Some positive spin in a China Brief from the Jamestown Foundation:
Indeed, these developments indicate that China’s senior leaders and strategists are increasingly concerned with traditional and non-traditional threats (e.g. piracy, smuggling, terrorism and other disruptions by non-state actors) to ocean commerce. The recently released U.S. Department of Defense annual report on the Military Power of the People’s Republic of China 2007 confirms the concerns of China’s most senior leaders. The DoD report states: At present, China can neither protect its foreign energy supplies nor the routes on which they travel, including the Straits of Malacca through which some 80 percent of China’s crude oil imports transit – a vulnerability President Hu refers to as the “Malacca Dilemma” [emphasis added by author] [1].

Corroborating this assessment, the vice chairman of a major Chinese security think-tank asserted to this author in April that China is looking beyond Taiwan to sea-lane security missions for the PLAN. He noted, however, that the task is too large for the PLAN and even for the U.S. Navy to undertake alone; cooperative efforts would be required. (This unprecedented statement interestingly implies that the U.S. Navy may not have been relegated to the singular role of a prospective disrupter of oil flow to China.) Aware of U.S. Chief of Naval Operations Admiral Michael Mullen's recent invitation to PLAN Commander Vice Admiral Wu Shengli for China to join the "Thousand-Ship Navy"—a freeform voluntary transnational network of navies—the vice chairman offered two minor caveats with respect to initiating exercises and operations between the two navies [2]: (1) Historic sensitivities favor beginning bilaterally, and then perhaps folding in Japan and South Korea as well as other regional navies; (2) Asking China to cooperate in Proliferation Security Initiative (PSI) operations would be a step too far, given Beijing’s concerns about Pyongyang’s reaction.

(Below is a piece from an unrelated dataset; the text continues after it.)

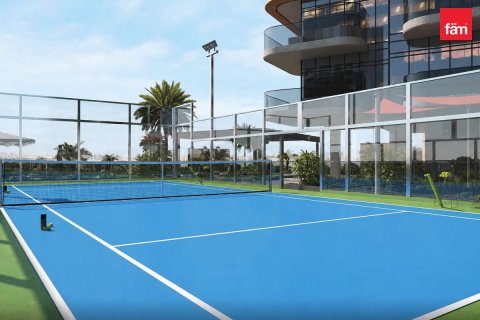 33.8m² Apartment in Dubai Science Park, UAE No. 213480 8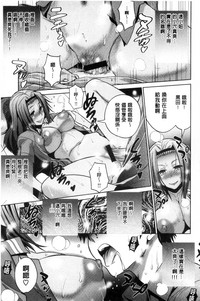 第162页图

By and large, the invitation has been well received by the Chinese military, and Admiral Wu expressed interest toward the idea, pending further discussion during Admiral Mullen's mid-June visit to China (AFP, April 10). A senior PLAN officer well connected to China’s military leadership expressed to this author in late April unreserved support for U.S.-China cooperation in conducting exercises and coping with threats to the security of the SLOCs. A recently retired but also well-informed PLAN officer expressed similar support in April, cautioning only that a wary Beijing may be painfully deliberate in considering participation in more complex exercises and in operational cooperation at sea [3].
Baby steps.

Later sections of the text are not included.